## Exercise description
Starting at the line that contains "Multifunctional Led Digital" and stopping at the line that contains "Glass doors with", transcribe every line of the material below exactly; pictures stay out.

## Data section
==================================================

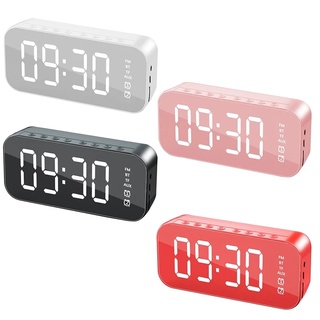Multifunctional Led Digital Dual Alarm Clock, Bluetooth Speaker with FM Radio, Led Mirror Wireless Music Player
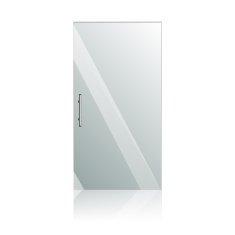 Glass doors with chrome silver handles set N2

==================================================

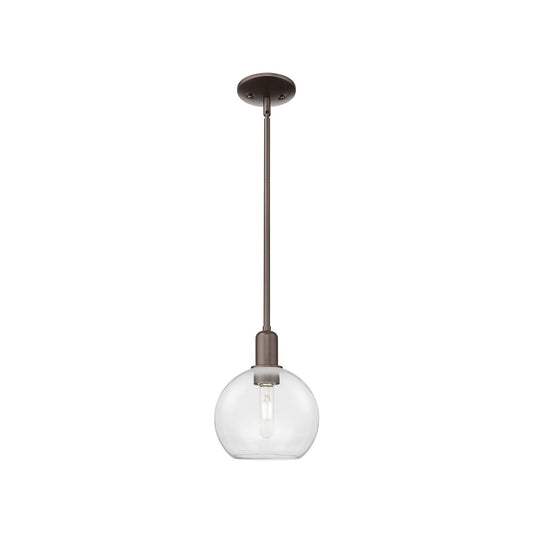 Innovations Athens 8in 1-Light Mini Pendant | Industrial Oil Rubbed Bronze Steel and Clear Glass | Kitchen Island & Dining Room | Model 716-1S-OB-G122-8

==================================================

## Result for this exercise
Multifunctional Led Digital Dual Alarm Clock, Bluetooth Speaker with FM Radio, Led Mirror Wireless Music Player
 Glass doors with chrome silver handles set N2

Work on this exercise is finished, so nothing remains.